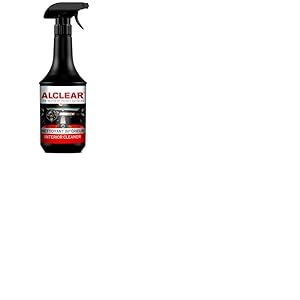 ALCLEAR 721IR Nettoyant intérieur en spray, pour tableau de bord, tissus, simili cuir & écran de voiture, nettoyage doux, inodore, pour entretien & rénovation de véhicule - Fabriqué en Allemagne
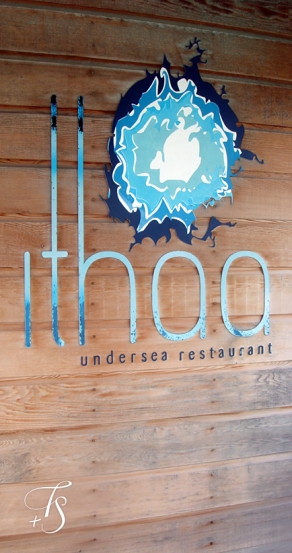 Ithaa Undersea Restaurant, Conrad Maldives Rangali Islandi. © TravelPlusStyle.com
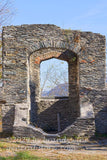 art print of looking through the ruins of St. John's Church in Harpers Ferry WV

====

*TASK PROMPT*:
In the copy, include each line from the start of the material through the line with "Ithaa Undersea Restaurant, Conrad", word for word, but none of the pictures.

*OUTPUT FOR THIS EXERCISE*:
 ALCLEAR 721IR Nettoyant intérieur en spray, pour tableau de bord, tissus, simili cuir & écran de voiture, nettoyage doux, inodore, pour entretien & rénovation de véhicule - Fabriqué en Allemagne
 Ithaa Undersea Restaurant, Conrad Maldives Rangali Islandi. © TravelPlusStyle.com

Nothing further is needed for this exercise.